В 1771 году на русскую службу по протекции Генриха Прусского был приглашён голландский моряк Ян Хендрик ван Кингсберген, который стал капитан-лейтенантом на русской службе. Он стоял у истоков создания Азовской флотилии. В голландской литературе упоминается о разработанной голландцем новой тактике для российского парусного флота, однако русские шканечные журналы этого не подтверждают.

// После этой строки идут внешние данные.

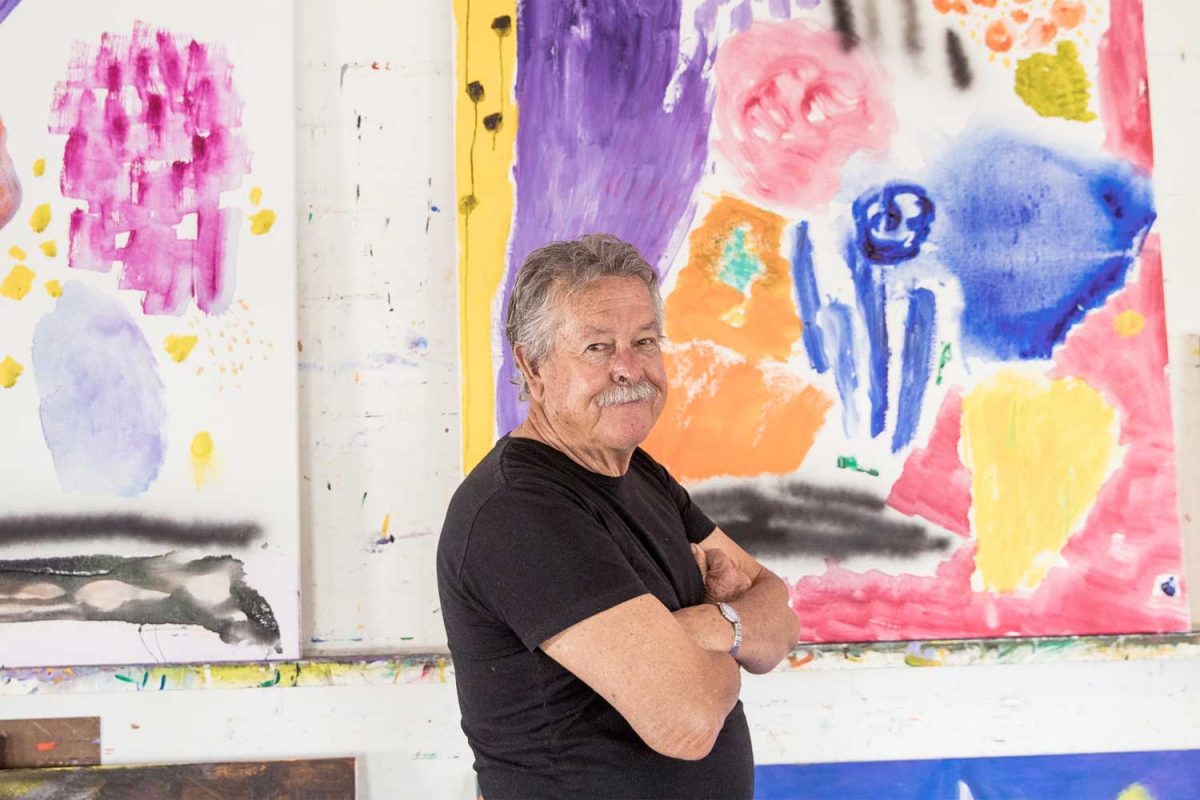 Ken Done: The Iconic Artist Talks Life, Loss – And His Love For Mosman ...
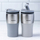 Termus për kafe Klausberg KB-7626, 320ml, çelik inox, gri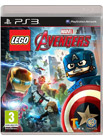 Lego Marvels Avengers (PS3)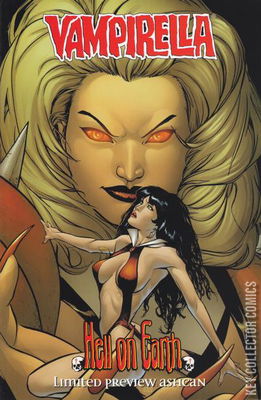 Vampirella: Hell on Earth Battlebook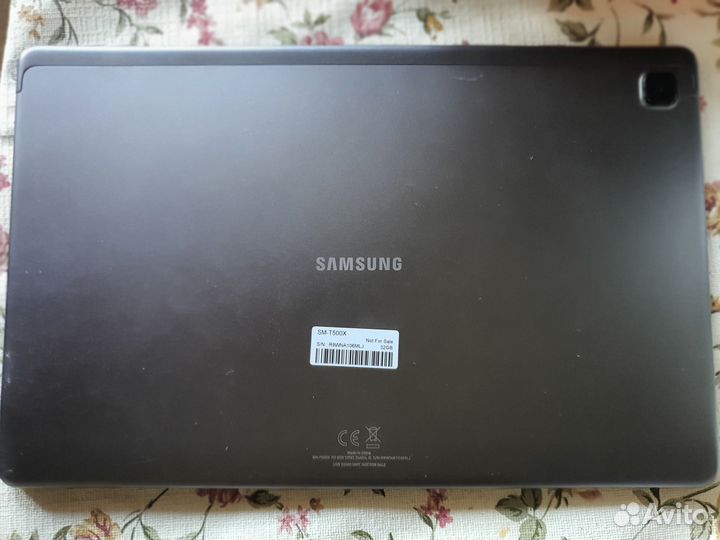 Samsung galaxy Tab A7 32Gb wifi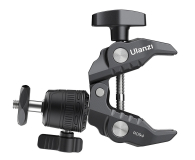 Ulanzi Uchwyt R099 Clamp z głowicą kulową - 1332359 - zdjęcie 2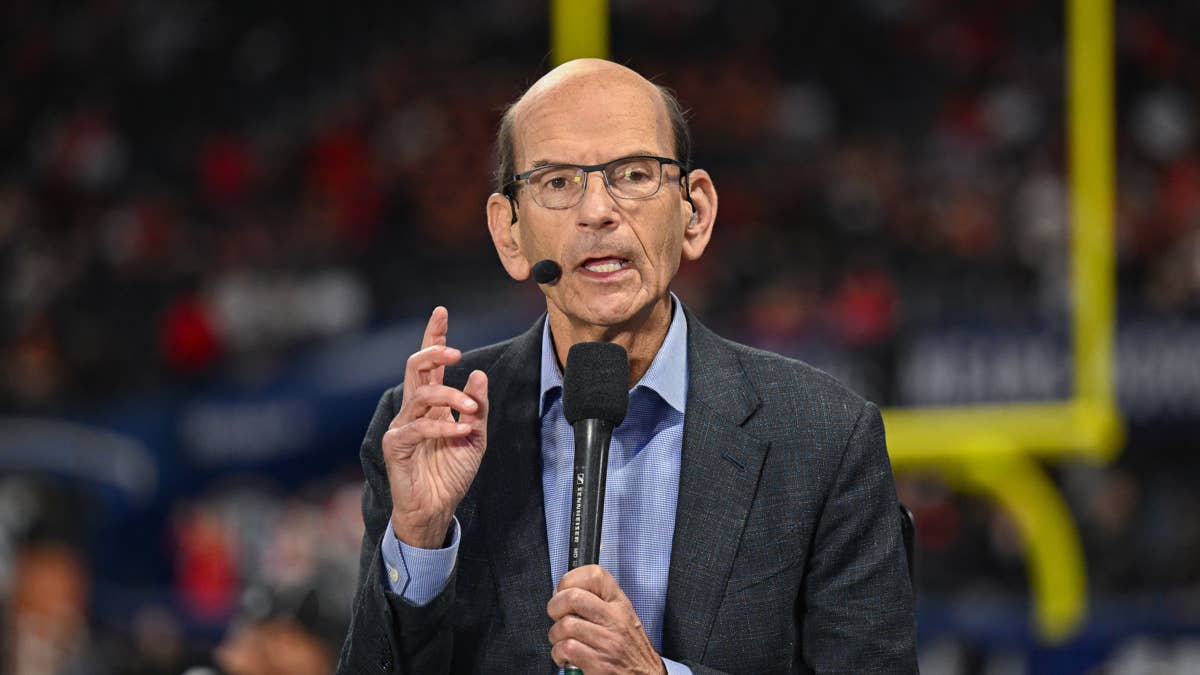 Paul Finebaum Warns Jayden Daniels: Never Step Foot On LSU's Campus Again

Следует упомянуть, что Екатерина II относилась к приобретению иностранных моряков во время войны так же, как нынешние футбольные клубы относятся к приобретению иностранных легионеров. Это хорошо видно по отрывку её письма князю Потёмкину:
«К тебе Князь Василий Долгорукий везёт моё письмо, чрез которое тебя уведомляю, что имянитый Пауль Жонес (Джон Пол Джонс — прим. ред.) хочет к нам войти в службу. А как я вижу, что приезд Кингсбергена весьма в даль тянется, и буде приедет, то приедет поздно, а быть может, что и вовсе не приедет, то я приказала Пауль Жонеса принять в службу и прямо поедет к Вам. Он у самих агличан слывётся вторым морским человеком: Адмирал Гов (Хау — прим. автора) — первый, а сей — второй. Он четырежды побил, быв у американцев, агличан. Кингсбергена же постараюсь достать, но по причине того, во-первых, что он от Генеральных Штатов имеет лишь годовой отпуск, по конец которого он должен в мае явиться в Голландию (где имеет ращетное по Средиземному морю своей экспедиции дело) и потом взять увольнение, которое ещё неизвестно получит ли; также тестя своего Ван Гофта, которого хочет вывезти или на покое заставить жить, ибо боится, чтоб его за патриотизм не повесили на восьмидесятом году, из чего Вы сами увидите, что Кингсберген к весенним действиям никак не поспеет, а другой авось-либо доедет ранее первого».
Таким образом, получалось, что в России не создавали систему подготовки собственных кадров, а просто по надобности приобретали «легионеров», которые потом возвращались в свои страны. Да, некоторые русские моряки учились у этих «легионеров» опыту, тактическим приёмам и так далее. Но этот опыт не анализировался, не внедрялся и не осмыслялся, в результате не приводя к развитию собственно нашей тактики.
Российский флот упорно придерживался тактики 1720 года. Примерно так же, как нынешняя российская сборная по футболу всё ещё играет в футбол образца 1960-х, при том, что в отечественных клубах имеется довольно много звёзд и крепких «середнячков» мирового футбола.